Create a Realistic Budget
Make a list of all of your monthly expenses, including bills, transportation, groceries, personal items, and gifts. Free budgeting apps such as Dollarbird or Mint help to track daily purchases and automatically calculate monthly balances, so you can stay on top of your budget while on the go. These can be really eye-opening to where you are spending your money and help you cut back or shift finances as appropriate.
Don’t Deprive Yourself
Consider the things in your life that you absolutely can’t live without and other areas you can compromise on. Maybe you can start packing lunches and use the saved money to go out with friends. Finding room in your budget to continue to live a familiar lifestyle will ensure you still have fun and don’t feel deprived while sticking to your financial plan.
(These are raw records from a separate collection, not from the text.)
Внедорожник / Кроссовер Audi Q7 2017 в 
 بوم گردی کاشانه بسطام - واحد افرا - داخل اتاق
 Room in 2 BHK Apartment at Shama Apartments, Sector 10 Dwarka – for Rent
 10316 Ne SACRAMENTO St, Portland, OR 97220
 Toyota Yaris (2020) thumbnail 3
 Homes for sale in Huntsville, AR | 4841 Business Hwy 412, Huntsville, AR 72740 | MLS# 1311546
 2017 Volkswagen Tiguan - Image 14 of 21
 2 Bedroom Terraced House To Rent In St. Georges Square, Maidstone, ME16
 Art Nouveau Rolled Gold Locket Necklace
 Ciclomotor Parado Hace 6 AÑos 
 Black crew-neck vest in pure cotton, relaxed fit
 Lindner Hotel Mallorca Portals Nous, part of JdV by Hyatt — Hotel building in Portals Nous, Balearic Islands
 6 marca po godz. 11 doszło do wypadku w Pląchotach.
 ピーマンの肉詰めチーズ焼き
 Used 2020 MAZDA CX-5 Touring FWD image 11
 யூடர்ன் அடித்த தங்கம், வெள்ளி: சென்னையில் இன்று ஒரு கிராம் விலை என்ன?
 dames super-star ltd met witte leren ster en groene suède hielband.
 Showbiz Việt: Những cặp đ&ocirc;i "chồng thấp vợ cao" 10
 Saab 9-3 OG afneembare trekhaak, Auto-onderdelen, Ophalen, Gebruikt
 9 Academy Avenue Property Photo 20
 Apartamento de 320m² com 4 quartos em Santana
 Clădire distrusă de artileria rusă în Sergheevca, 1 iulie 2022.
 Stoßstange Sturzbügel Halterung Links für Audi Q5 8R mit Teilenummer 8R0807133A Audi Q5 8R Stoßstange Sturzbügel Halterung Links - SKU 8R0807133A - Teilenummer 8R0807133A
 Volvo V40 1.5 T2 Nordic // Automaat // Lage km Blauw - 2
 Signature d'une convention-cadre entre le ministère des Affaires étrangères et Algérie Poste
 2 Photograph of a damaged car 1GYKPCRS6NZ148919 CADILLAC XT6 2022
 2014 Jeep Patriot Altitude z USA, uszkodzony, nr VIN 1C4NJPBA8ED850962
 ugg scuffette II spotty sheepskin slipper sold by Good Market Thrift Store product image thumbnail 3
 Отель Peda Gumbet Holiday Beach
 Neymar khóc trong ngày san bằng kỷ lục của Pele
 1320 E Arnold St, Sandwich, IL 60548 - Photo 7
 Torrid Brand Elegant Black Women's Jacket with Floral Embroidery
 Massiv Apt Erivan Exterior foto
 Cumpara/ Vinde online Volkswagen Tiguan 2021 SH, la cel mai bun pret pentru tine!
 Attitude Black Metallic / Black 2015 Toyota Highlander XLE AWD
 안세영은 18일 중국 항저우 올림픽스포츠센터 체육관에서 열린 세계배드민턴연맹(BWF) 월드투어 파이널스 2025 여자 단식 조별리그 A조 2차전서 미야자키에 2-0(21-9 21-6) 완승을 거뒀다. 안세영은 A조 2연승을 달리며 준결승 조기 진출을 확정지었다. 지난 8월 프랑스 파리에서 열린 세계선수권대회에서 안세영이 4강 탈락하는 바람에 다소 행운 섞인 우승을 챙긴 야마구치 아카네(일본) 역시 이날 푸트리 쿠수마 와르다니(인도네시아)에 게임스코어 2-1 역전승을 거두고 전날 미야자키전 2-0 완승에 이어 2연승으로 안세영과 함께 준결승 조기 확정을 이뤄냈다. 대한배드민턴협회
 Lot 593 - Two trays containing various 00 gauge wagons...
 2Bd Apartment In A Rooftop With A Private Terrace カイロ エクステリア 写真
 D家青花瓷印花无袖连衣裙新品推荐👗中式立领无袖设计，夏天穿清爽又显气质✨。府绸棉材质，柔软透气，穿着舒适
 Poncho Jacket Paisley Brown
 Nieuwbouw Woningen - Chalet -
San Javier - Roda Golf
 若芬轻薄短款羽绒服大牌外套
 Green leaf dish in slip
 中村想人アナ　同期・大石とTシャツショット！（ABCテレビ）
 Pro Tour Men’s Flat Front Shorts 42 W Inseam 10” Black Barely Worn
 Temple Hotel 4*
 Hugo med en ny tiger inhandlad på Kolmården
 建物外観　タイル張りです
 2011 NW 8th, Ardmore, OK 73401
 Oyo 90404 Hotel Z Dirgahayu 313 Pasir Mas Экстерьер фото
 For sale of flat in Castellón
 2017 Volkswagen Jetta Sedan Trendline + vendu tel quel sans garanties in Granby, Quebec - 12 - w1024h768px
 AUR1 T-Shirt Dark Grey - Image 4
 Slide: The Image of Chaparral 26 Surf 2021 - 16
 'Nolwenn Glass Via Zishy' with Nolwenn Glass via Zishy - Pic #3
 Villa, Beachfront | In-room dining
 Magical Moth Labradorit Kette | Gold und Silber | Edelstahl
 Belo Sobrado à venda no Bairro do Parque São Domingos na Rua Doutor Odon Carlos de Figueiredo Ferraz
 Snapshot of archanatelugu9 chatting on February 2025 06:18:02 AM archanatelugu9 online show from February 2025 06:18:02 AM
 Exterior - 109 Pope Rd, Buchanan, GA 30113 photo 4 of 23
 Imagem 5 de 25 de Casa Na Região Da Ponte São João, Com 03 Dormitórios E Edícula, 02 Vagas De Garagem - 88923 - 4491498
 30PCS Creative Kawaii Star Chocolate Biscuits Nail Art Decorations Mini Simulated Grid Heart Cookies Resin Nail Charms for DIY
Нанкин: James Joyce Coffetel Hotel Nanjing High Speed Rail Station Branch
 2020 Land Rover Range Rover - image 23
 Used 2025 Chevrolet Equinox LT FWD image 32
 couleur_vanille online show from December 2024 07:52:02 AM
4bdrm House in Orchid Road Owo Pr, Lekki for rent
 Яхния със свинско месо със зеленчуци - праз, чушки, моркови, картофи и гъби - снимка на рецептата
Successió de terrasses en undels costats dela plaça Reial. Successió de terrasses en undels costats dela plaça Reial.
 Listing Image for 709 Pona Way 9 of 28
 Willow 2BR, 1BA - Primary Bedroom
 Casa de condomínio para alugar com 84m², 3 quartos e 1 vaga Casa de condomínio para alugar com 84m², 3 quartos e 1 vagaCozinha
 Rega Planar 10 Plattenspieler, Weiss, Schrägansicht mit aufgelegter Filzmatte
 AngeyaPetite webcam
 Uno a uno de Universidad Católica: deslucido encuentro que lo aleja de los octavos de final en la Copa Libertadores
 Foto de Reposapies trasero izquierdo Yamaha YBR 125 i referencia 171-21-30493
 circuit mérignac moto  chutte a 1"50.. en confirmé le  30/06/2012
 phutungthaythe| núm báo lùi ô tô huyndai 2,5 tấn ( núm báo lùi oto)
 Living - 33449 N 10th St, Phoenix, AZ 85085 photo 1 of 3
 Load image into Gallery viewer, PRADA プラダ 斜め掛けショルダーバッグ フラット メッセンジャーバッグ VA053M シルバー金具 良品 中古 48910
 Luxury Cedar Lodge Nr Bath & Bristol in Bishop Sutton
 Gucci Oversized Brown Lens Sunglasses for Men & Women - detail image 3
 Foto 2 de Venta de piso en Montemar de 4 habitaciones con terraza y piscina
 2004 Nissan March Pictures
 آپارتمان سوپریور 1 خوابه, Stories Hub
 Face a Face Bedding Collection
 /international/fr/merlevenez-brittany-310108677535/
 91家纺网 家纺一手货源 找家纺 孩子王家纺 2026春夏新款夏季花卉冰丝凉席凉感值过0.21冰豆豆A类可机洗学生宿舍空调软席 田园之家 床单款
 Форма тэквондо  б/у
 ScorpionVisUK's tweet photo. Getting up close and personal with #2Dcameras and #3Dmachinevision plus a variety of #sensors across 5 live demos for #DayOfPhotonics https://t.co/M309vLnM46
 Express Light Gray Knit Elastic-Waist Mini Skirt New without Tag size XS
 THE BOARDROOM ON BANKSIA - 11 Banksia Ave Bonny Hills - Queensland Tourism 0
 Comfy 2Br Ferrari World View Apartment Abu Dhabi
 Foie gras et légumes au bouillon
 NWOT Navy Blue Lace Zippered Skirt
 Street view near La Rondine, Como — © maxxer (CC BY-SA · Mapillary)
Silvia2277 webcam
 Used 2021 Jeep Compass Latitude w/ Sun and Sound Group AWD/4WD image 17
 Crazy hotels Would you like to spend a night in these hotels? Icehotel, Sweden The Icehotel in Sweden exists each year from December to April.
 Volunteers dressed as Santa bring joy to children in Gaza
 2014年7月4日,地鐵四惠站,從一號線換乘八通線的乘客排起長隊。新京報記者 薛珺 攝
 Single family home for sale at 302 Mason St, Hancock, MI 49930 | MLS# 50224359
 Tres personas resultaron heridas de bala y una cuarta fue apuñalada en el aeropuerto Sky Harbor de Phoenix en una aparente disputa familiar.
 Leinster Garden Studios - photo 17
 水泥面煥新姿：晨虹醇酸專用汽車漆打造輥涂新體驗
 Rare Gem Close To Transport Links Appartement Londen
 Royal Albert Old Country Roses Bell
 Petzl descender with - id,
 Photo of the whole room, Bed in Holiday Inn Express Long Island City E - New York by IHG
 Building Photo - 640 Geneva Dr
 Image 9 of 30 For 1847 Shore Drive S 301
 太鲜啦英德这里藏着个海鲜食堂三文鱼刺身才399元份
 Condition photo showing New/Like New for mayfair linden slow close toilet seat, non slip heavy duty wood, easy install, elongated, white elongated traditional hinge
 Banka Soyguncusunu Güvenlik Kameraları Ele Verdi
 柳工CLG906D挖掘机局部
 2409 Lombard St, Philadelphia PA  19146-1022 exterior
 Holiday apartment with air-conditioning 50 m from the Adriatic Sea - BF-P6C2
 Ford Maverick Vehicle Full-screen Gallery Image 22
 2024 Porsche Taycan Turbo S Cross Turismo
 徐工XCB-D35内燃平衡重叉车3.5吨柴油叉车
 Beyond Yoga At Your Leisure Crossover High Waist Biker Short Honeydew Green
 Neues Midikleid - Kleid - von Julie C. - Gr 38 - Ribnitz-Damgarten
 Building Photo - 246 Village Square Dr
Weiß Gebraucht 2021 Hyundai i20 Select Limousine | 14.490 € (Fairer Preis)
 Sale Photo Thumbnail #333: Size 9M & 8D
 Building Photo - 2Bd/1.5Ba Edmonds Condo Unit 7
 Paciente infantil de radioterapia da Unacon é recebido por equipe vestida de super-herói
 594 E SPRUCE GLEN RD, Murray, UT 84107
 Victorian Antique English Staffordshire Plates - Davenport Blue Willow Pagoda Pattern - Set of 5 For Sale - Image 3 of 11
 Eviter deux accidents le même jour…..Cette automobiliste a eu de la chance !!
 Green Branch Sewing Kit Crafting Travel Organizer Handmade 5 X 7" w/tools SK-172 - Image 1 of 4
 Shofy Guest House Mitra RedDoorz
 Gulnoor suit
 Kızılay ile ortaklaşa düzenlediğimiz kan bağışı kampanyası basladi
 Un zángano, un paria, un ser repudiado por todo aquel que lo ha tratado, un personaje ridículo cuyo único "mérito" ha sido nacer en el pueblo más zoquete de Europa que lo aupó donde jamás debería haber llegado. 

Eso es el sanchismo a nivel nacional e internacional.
Maximize your credit cards
There are many student-friendly credit cards, with no annual fees and good reward programs. Cash-back reward cards are a great option to obtain a percentage back on all your purchases. For example, if you spend $1,000 per month on your credit card at two percent cash back, that’s $240 per year that you can apply directly to your loan.
Please note, this tip will not work if you cannot pay your credit card balance at the end of the month, as credit cards typically have interest rates averaging over 18 percent (far more than typical student loans).
Do your Research
Doing research can help you avoid common misconceptions about your student loan, such as the ‘grace period’ or interest rates. For example, depending on whether the loan is federal or locally sourced, interest may or may not begin from day one. In addition, many students don’t compare interest rates among bank lines of credit versus government appointed loans. On rare occasions, a student line of credit from a financial institution may offer a lower interest rate than your allocated student loan. It pays to do your research if it means it can save you money!
Try a part-time job
Many flexible part-time jobs exist for students, which can offset the burden of student loans and provide valuable transferable skill sets for your future career. Particularly, jobs that provide weekend shifts or positions based on campus can be great alternatives for scheduling hours around your academic commitments. How you use this extra income is up to you, but it will sure feel nice to have that extra financial freedom.
Carrying student debt can be stressful for everyone – but it doesn’t have to rule your life. There are simple lifestyle modifications which can prevent unnecessary debt while ensuring you still have fun now! The most important thing is to be realistic about your finances, in a way that works for you.
How do you manage your student loans?
Do you have any additional tips to not let student debt rule your life?